Precision of parameter maps was estimated using coefficient of variation (CV (%), as ratio of standard deviation to the mean value × 100) for each individual parameter, where lower CV indicated a good precision. Combined CV (CVcomb) for a method was calculated by averaging the individual CV for all the four parameters of IVIM–DKI.

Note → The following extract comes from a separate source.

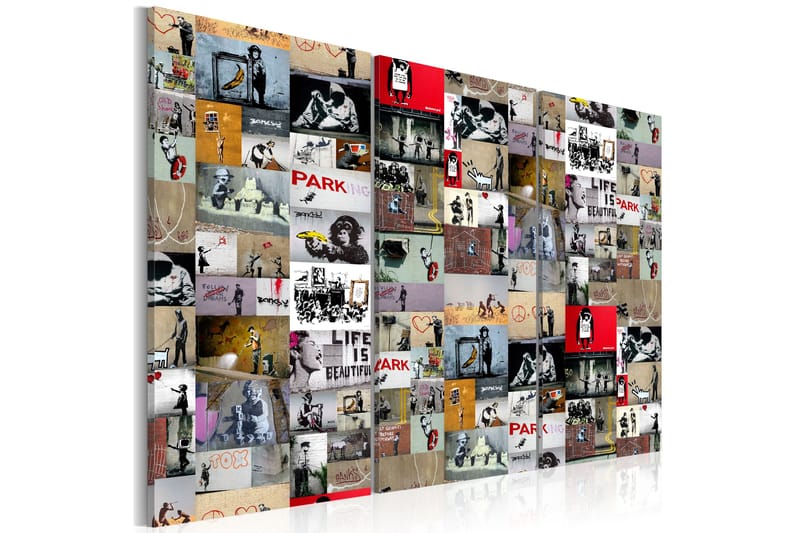 Taulu Art Of Collage Banksy III 90x60, Artgeist sp. z o. o.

Within-scanner agreement between parameters evaluated using novel model and traditional model was assessed using paired t-tests. Unequal variance t-test (unpaired with two-tail assumption) was used to compare significant (p value < 0.05) differences between the group measurements at 1.5 T and 3 T (i.e., between-scanner group differences).

Fitting quality of traditional and novel model was calculated for all ROIs using AIC (Akaike Information Criterion) and AICc (AIC corrected)[31].

One-way ANOVA with Tukey’s multiple comparison test was used to compute significant differences (p value < 0.05) between IVIM-DKI parameter values among healthy PZ, tumor, and BPH.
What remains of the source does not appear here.